Statute of Limitations for Filing a Claim for Relief from Joint and Several Liability
In order for a taxpayer to obtain relief from joint and several liability, he/she must make an election on a Form 8857 no later than 2 years after the date the Secretary has begun collection activities with respect to the individual making the election.
If the taxpayer makes an election and the IRS mails a notice denying relief or if the Service does not act within 6 months, the taxpayer can petition the United States Tax Court within 90 days of the later of the IRS denial or after expiration of the six month period. This means that the taxpayer must petition the Tax Court within 90 days of a rejection by the IRS. However, the taxpayer may petition the Court as early as six months and one day after the taxpayer filed his/her original request for relief. The IRS is prohibited from taking any collection action from the filing date of the election until after the expiration of the 90 day period discussed in the preceding sentence, or if a petition to the US Tax court is filed, until after the Tax Court decision becomes final, plus 90 days. During the time that collection is prohibited, the statute of limitations on collection is tolled plus 60 days.
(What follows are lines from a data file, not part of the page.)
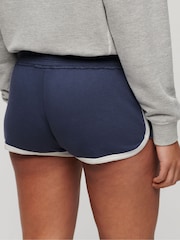 Superdry Mariner Navy Essential Logo Racer Shorts - Image 2 of 5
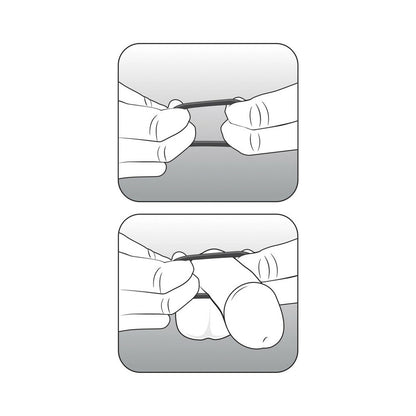 BLUSH - PERFORMANCE VS2 PURE PREMIUM SILICONE COCKRINGS 3 PACK SMALL
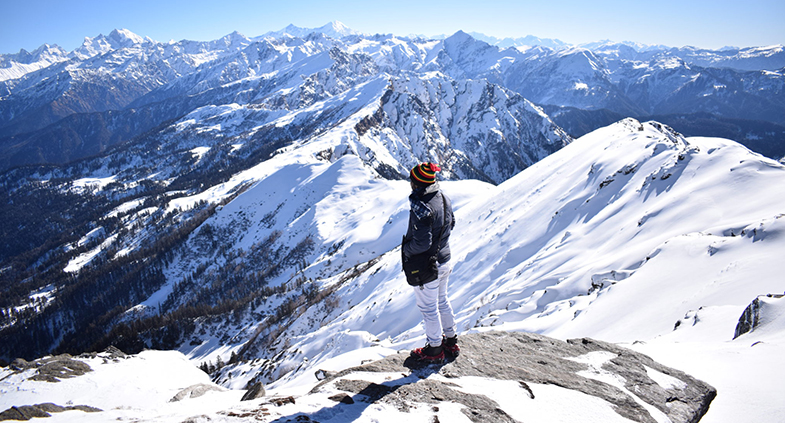 Kedarkantha trek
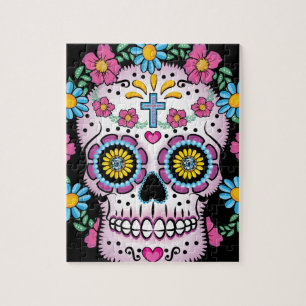 Diameter de los Muertos Skalle Pussel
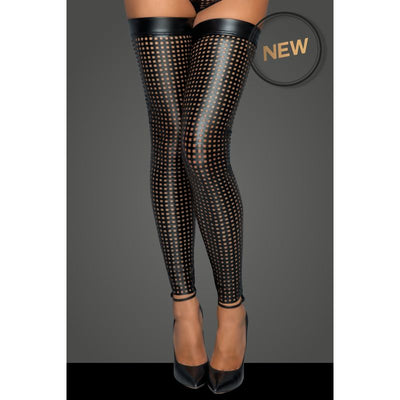 Ladies Lasercut Stockings - One Stop Adult Shop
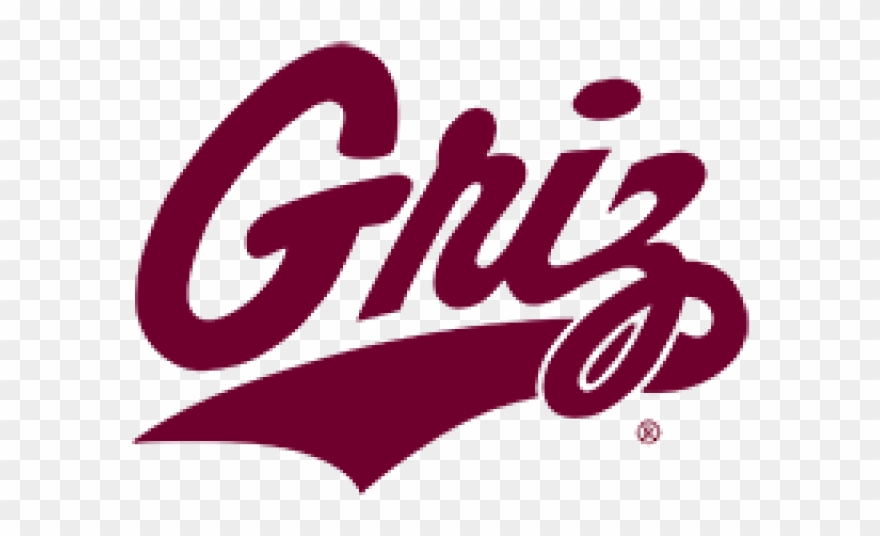 Montana Clipart Logo - Montana Grizzlies Football Logo - Png Download
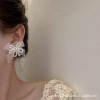 Universal fashionable fresh earrings with bow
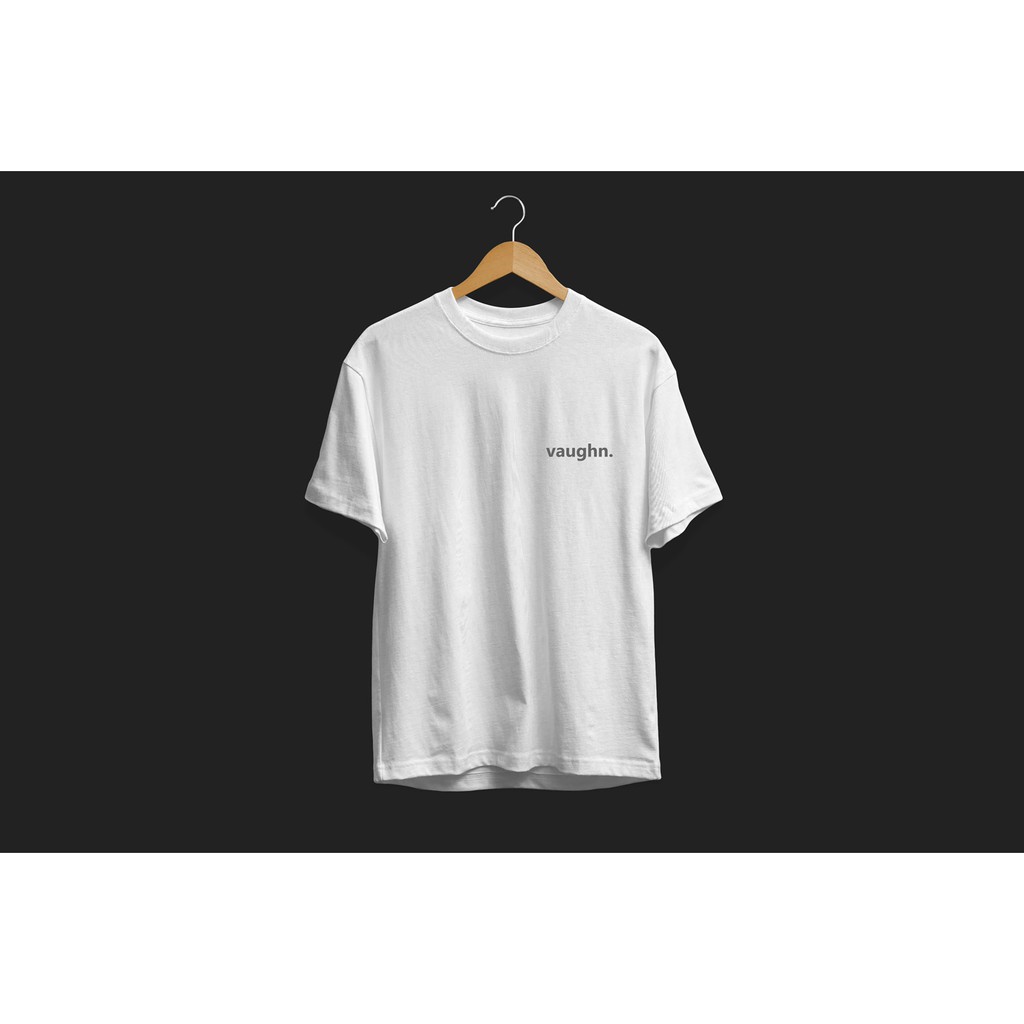 White Reflective Tee - Oversized - Vaughn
Statute of Limitations for Filing a Request for a Collection Due Process Hearing
Prior to actually levying on assets to enforce collection, the Internal Revenue Service must send certain required notification. A Final Notice of Intent to Levy must be sent before an actual levy can be issued. The taxpayer has 30 days from the date contained on the Final Notice of Intent to Levy to file a Collection Due Process Appeal (normally on a Form 12153). Absent the filing of a Collection Due Process Appeal, the Internal Revenue Service can then levy on wages, bank accounts and other property at the expiration of the 30 days.
If the taxpayer timely exercises his/her right to appeal a notice of lien or notice of intent to levy, a hearing will be held before an Appeals Officer of the IRS. If the taxpayer is dissatisfied with the determination of the Appeals Officer, the taxpayer may file a request for judicial review of the Appeals Officer’s determination within 30 days of the determination. The Appeal should be made to the Tax Court if the Court would have jurisdiction of the underlying liability. If the Tax Court would not have jurisdiction of the underlying liability, the request for review should be made to the Federal District Court. If the taxpayer selects an incorrect forum, he/she has 30 days from notification of selection of an incorrect forum to file the appeal with the correct court. The statute of limitations under §§§6502 (collection), 6531 (criminal) and 6532 (other suits) is suspended during the period during which the hearing and appeals thereto are pending.
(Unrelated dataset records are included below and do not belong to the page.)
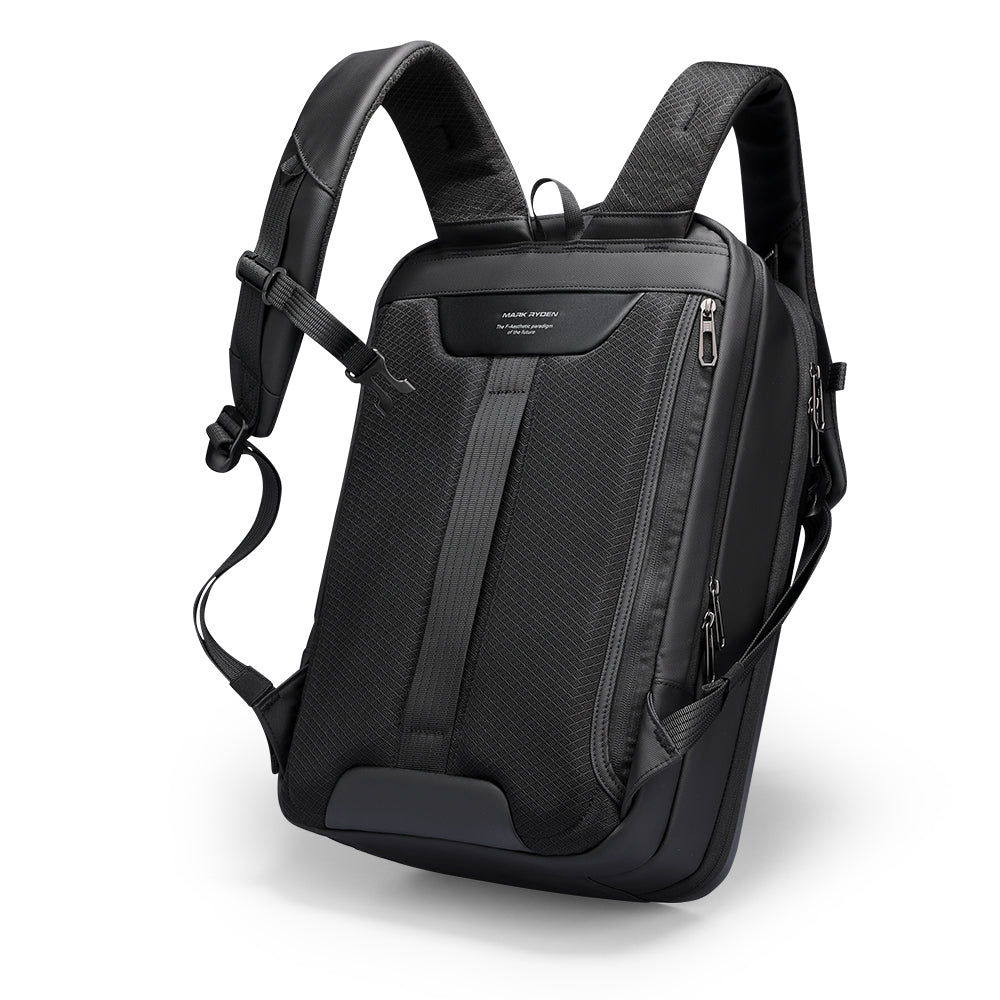 backpack with laptop hard shell The Ratio Arc Pro MR8918: MarkRyden First Kickstarter campaign - Hard-shell Waterproof 17.3" Laptop Backpack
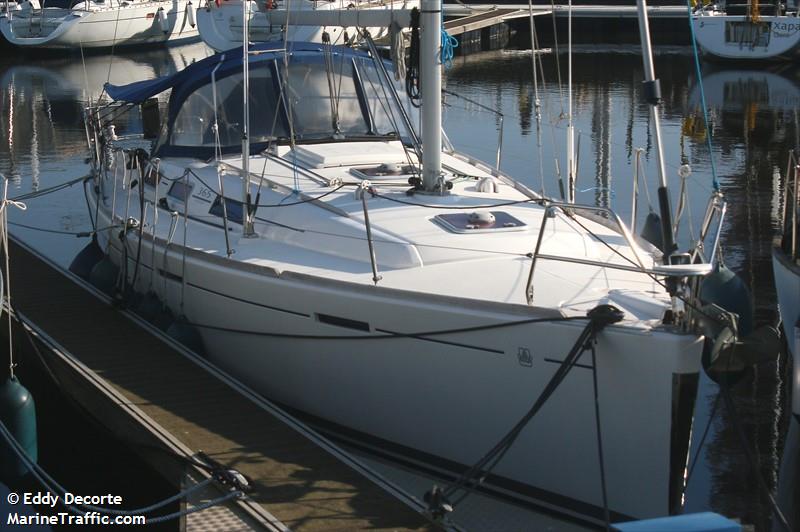bato diga (Sailing vessel) - IMO , MMSI 205886710, Call Sign OR8867 under the flag of Belgium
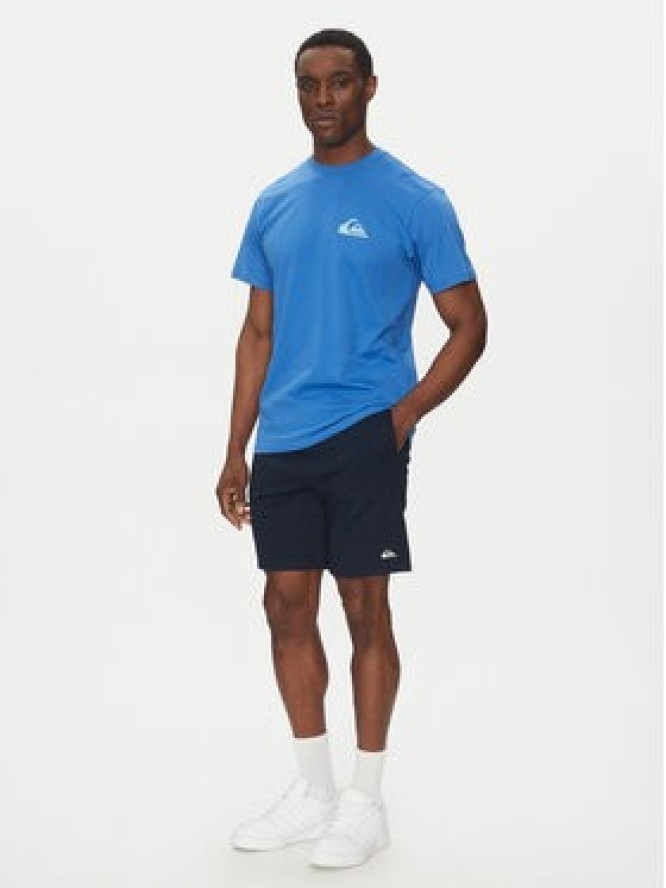 Quiksilver Szorty sportowe EQYFB03372 Granatowy Regular Fit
Statute of Limitations for the Right of Redemption
A right of redemption exists for certain persons after the sale of seized real property. The right of redemption must be exercised within 180 days of the sale. To redeem real property, the redeemer pays the purchaser the sum of money paid by the purchaser for the property plus interest (20% per annum).
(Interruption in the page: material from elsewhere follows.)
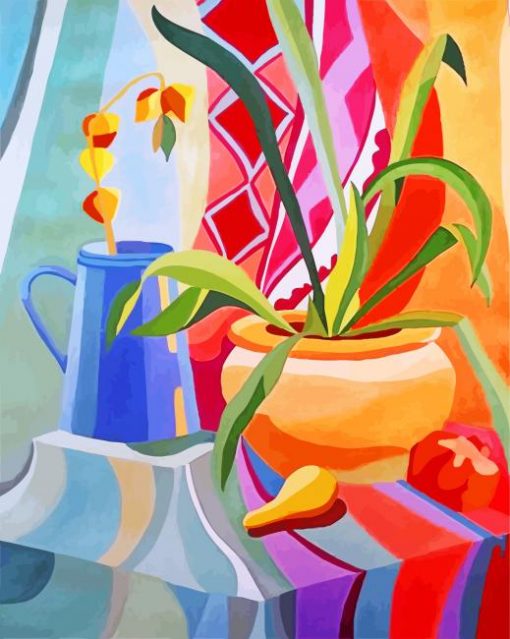 aesthetic-plants-still-life-paint-by-numbers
Statute of Limitations for Appealing a Default or Termination of an Installment Payment Agreement
The IRS must notify taxpayers 30 days before altering, modifying or terminating any installment agreement for any reason unless the collection of tax is determined to be in jeopardy. The IRS must include in the notification an explanation of why the IRS intends to take this action. The taxpayer has the right to file an appeal of the IRS alteration or termination within 30 days of the notice.
Statute of Limitations for Appealing a Rejected Offer in Compromise
If the IRS rejects an Offer in Compromise, the taxpayer has 30 days to file an appeal to the Appeals Division. However, there is no 30 day appeal right for a returned or defaulted offer.